Suddenly, off at the right, Harry's rifle banged three times in quick succession — then an interval, and two more shots. Ten seconds later three wapiti cows showed black against the sky line. They were coming fast and straight toward us. We flattened ourselves in the grass, lying as motionless as two gray bowlders, and a moment later another wapiti appeared behind the cows. As the sun glistened on his branching antlers there was no doubt that he was a bull, and a big one, too.

The cows were headed to pass about two hundred yards above us and behind the hill crest. I could easily have reached the summit where they, would have been at my mercy, but lower down the big bull also was coming, and the hunter would not let me move. "Wait, wait," he whispered, "we'll surely get him. Wait, we can't lose him."

"What about that ravine?" I answered. "He'll go into the cover. He will never come across this open hillside. I'm going to shoot."

"No, no, he won't turn there. I am sure he won't." The Mongol was right. The big fellow ran straight toward us until he came to the entrance to the valley. My heart was in my mouth as he stopped for an instant and looked down into the cover. Then, for some strange reason, he turned and cane on. Three hundred yards away he halted suddenly, swung about, and looked at the ravine again as if half decided to go back.

He was standing broadside, and at the crash of my rifle we could hear the soft thud of the bullet striking flesh; but without a sign of injury he ran forward and stopped under a swell of ground. I could see just ten inches of his back and the magnificent head. It was a small target at three hundred yards, and I missed him twice. With the greatest care I held the little ivory bead well down on that thin brown line, but the bullet only creased his back. It was no use — I simply could not hit him. Running up the hill a few feet, I had his Whole body exposed, and the first shot put him down for good.

With a whoop of joy my old Mongol dashed down the steep slope.
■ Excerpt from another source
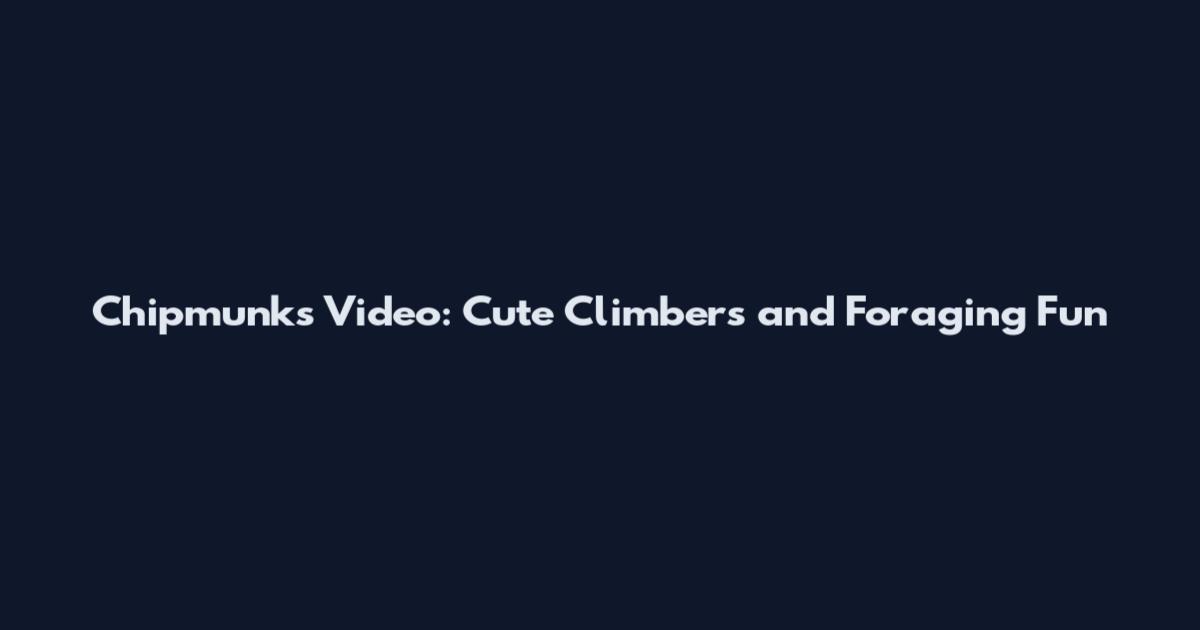 Chipmunks Video: Cute Climbers and Foraging Fun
I had never seen him excited while we were hunting sheep, but now he was wild with delight. Before he had quieted we saw Harry coming over the hill where the wapiti had first appeared. He told us that he had knocked the bull down at long range and had expected to find him dead until he heard me shooting. We found where his bullet had struck the wapiti in the shoulder, yet the animal was running as though untouched.

I examined the bull with the greatest interest, for it was the first Asiatic wapiti of this species that I had ever seen. Its splendid antlers carried eleven points but they were not as massive in the beam or as sharply bent backward at the tips as are those of the American elk. Because of its richer coloration, however, it was decidedly handsomer than any of the American animals.

But the really extraordinary thing was to find the wapiti there at all. It seemed as incongruous as the first automobile that I saw upon the Gobi Desert, for in every other part of the world the animal is a resident of the park-like openings in the forests. Here not a twig or bush was in sight, only the rolling, grass-covered uplands. Undoubtedly these mountains had been wooded many years ago, and as the trees were cut away, the animals had no alternative except to die or adapt themselves to almost plains conditions. The sparse birch scrub in the ravines still afforded them limited protection during the day, but they could feed only at night. It was a case of rapid adaptation to changed environment such as I have seen nowhere else in all the world.

The wapiti, of course, owed their continued existence to the fact that the Chinese villagers of the valley had no firearms; otherwise, when the growing antlers set a price upon their heads, they would all have been exterminated within a year or two.